Here's What Restaurants Need from You Right Now, According to Chefs

You might have to spend a little more and also spare some patience, but it's going to pay off for everyone.

Empty restaurant prepared for evening meal
Photo:

Gary Burchell / Getty Images

More and more restaurants have reopened across the United States since the height of the pandemic, but that doesn't mean that the industry is back on stable ground. Staff and ingredient shortages, spiking costs, and cranky customers are still very much on the menu. "Patience" and "understanding" were words I heard over and over again as I interviewed chefs at the Southern Smoke Festival in Houston a few weeks ago. My question to them: What do you need from customers most right now?

Be on the up and up.

Nicole Mills and Sara Gruenberg
Nicole Mills and Sara Gruenberg.

Kat Kinsman

Newly-minted author (seriously, go buy Listen to Your Vegetables right now) and chef-partner of Monteverde Restaurant & Pastificio in Chicago Sarah Gruenberg wants guests to understand that price increases aren't about restaurants trying to be greedy. "It's just about having a little bit more adjustment in the rising costs and paying our team members more," she said. "I just think it's hard. We went through and did some cost checking two weeks ago, and realized we were underpriced. Things like butter and flour go up quickly and when you're using 100 pounds of it, it adds up." She hasn't gotten too much pushback thus far, but she knows there's a gap in the insight diners have into what restaurants actually spend.

Don't just go with the flow.


Nicole Mills, chef de cuisine at Peche in New Orleans, hopes to empower her guests to truly understand where the seafood they're enjoying in her restaurant actually comes from, and ask for local seafood wherever they go, whether it's a restaurant or a store. "That way, the demand for local seafood is higher than the demand for imported seafood," she explained. Mills encourages folks to ask questions like 'What region is this coming from? and ‘What water is it coming from?’ Is it coming from us?" If it's not, they should not buy it, and look for a more local market.

Put your money where your mouth is.

Cheetie Kumar
Cheetie Kumar.

Kat Kinsman


That connection to place and people is also key for Cheetie Kumar, the chef and co-owner of Garland, Neptunes, and Kings in Raleigh, North Carolina. "Better recognition of food systems, people recognizing how important it is to source locally, and that it costs a lot of money to make good food and to pay people well," is what she hopes diners will be open to. "Realizing that eating out is a luxury and being able to then support people dealing with food insecurity, There's a relationship between farmers, food insecurity, good labor practices, and guests and diners really backing those values."

Put your money where your mouth is.

Mike Lata
Mike Lata.

Kat Kinsman


While Mike Lata, chef and co-owner of FIG and The Ordinary in Charleston, South Carolina, feels deeply supported by his clientele, he also wants to give them some transparency into how decisions he's making for the health of the industry may show up on their plate. "I feel like the whole restaurant industry has to put as much of a premium on the employee as we do the guest, sometimes at the expense of the guest. There's only so much you can give," Lata explained. "We may have to say, you know what? I'm gonna put more into a young person learning the craft at the expense of them making a mistake, and a customer maybe experiencing 80 or 90% of what that dish could be." It's this passion — and diners' patience for it — that will help restaurants rebuild now, and have a deliciously sustainable future. 

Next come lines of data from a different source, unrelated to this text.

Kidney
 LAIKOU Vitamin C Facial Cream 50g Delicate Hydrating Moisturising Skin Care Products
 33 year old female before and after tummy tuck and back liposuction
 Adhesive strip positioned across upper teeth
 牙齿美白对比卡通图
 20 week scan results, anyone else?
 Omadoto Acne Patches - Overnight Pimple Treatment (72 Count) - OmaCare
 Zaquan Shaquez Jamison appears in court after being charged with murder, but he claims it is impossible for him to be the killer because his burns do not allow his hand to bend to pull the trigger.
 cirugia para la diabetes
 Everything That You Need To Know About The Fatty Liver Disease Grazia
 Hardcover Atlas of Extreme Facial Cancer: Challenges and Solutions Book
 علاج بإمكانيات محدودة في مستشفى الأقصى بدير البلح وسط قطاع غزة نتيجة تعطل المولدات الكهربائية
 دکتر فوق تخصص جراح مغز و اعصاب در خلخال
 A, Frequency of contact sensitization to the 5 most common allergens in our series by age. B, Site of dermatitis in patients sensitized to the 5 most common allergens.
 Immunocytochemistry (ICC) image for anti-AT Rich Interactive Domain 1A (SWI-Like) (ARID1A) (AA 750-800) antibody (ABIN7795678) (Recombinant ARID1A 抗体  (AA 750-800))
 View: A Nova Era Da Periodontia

If they're shorthanded, be kindhearted,


It wasn't even a second before the word "patience" came out of Tyler Spreen's mouth. As chef de cuisine of Herbsaint in New Orleans, he saw firsthand the extreme toll that Covid took on his city's tourist-heavy economy. "Right now we need patience because the industry is still struggling to get back to full capacity, as far as staffing. We've been on a path of trying to get more people in the restaurant, back to what we had pre-Covid and it's still a work in progress. We need people to understand that everybody's going through it."


Spreen and his fellow chefs at the Southern Smoke Festival — which raised over $1.6 for emergency funds for hospitality workers — have had their lives and businesses deeply affected by the pandemic. Still, in typical chef fashion, they showed up to serve the needs of others. "It's just nice to have the opportunity to do something like this to actually help people in the industry. And good leadership is inspiring because you always say you wanna do it, but it's another to see the people actually doing it," Spreen said. "Just like happiness can be infectious, so is action."